═════ RECORDS FOR THIS TASK ═════
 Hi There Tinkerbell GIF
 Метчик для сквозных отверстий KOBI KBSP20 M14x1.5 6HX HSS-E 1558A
═════
═════ RECORDS FOR THIS TASK ═════
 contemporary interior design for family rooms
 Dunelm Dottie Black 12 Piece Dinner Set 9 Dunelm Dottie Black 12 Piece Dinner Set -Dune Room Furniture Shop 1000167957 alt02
═════
═════ RECORDS FOR THIS TASK ═════
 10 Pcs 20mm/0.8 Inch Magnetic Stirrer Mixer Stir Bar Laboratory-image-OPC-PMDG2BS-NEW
═════
▶ _BRIEF_
With the line that has "Hi There Tinkerbell GIF" as the first and the line that has "Метчик для сквозных" as the last, repeat exactly that run of lines above and no more.

▶ _TASK ANSWER_
 Hi There Tinkerbell GIF
 Метчик для сквозных отверстий KOBI KBSP20 M14x1.5 6HX HSS-E 1558A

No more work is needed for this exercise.